DDR vs SDRAM: Functional and Structural Differences

1 Structure Overview

This article continues an analysis of internal block diagrams, focusing on DDR, DDR2, and DDR3 memory chips to identify their differences. The following figure shows a Micron 128Mb SDRAM chip block diagram; the previous article covered that diagram in detail.

SDRAM

To increase memory read/write bandwidth, SDRAM originally relied on raising the clock frequency. Due to limitations such as temperature, SDRAM core clock frequency is constrained. SDRAM transmits data only on the rising clock edge. DDR increases data transfer rate by transmitting data on both the rising and falling edges of the I/O clock, while the internal core still transfers data only on the rising edge. To match the core (single-edge) and the I/O port (double-edge) transfer rates, the core data bus width is doubled relative to the I/O data bus width, i.e., 2n prefetch. This is the basic DDR design principle.

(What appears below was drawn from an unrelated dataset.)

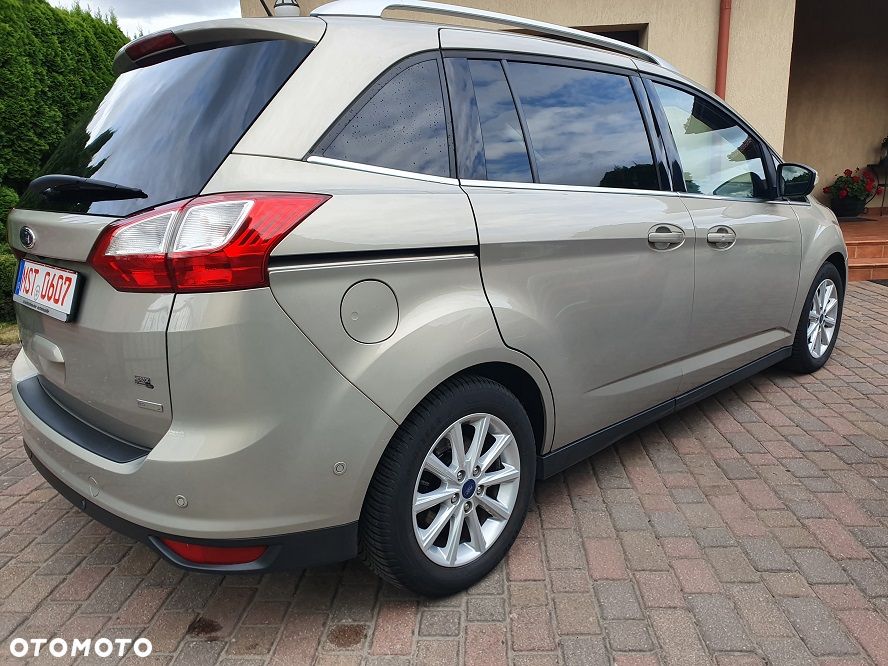 Ford Grand C-MAX 1.5 EcoBoost Start-Stopp-System Titanium - 7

The images below show the internal block diagram of a Micron DDR chip, model MT46V32M16P-6T. Like the SDRAM example, this chip has a 16-bit data bus and 512Mb capacity. Ignoring capacity, the key difference is the red-highlighted area: DDR uses a differential clock.

DDR内部结构框图

DDR

During a write, the receiver registers capture incoming DQ[0:15] data and the data mask signals (LDM/UDM). These input registers function similarly to IDDR: they convert 16-bit data transferred on both edges of DQS into 32-bit data on a single edge. The 2-bit DM signals are converted into 4-bit MASK signals. The resulting 32-bit single-edge data and 4-bit MASK are sent to a write FIFO. The write FIFO handles the asynchronous clock domain crossing, synchronizing DATA and MASK from the DQS domain to the internal core clock CK so data can be written into the internal array with correct timing.

Note that both the input registers and the write FIFO sample data using DQS as the capture clock because the DQS edges are center-aligned with the write data DQ and the mask DM.

Some readers may ask: DQ is transferred on both edges of CK, so why sample DQ using DQS? DQS is the data strobe. On reads, DQS edges align with DQ edges; on writes, DQS edges align with the center of DQ. Therefore sampling on DQS edges during write provides more stable data sampling.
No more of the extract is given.